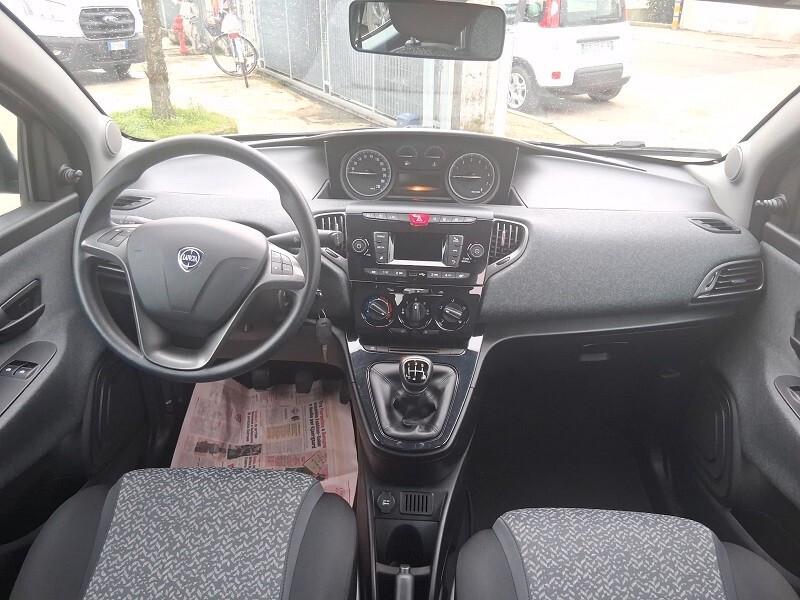 Lancia Ypsilon 1.2 69 CV 5 porte GPL Ecochic Elefantino Blu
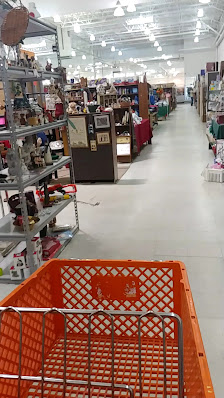 Clarksville Peddlers Mall photo 3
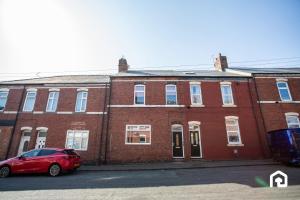 Budova, kde se prázdninový dům nachází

-- TASK DIRECTIONS --
The expected result is the complete listing above, printed exactly, with no pictures.

-- EXERCISE OUTPUT --
 Lancia Ypsilon 1.2 69 CV 5 porte GPL Ecochic Elefantino Blu
 Clarksville Peddlers Mall photo 3
 Budova, kde se prázdninový dům nachází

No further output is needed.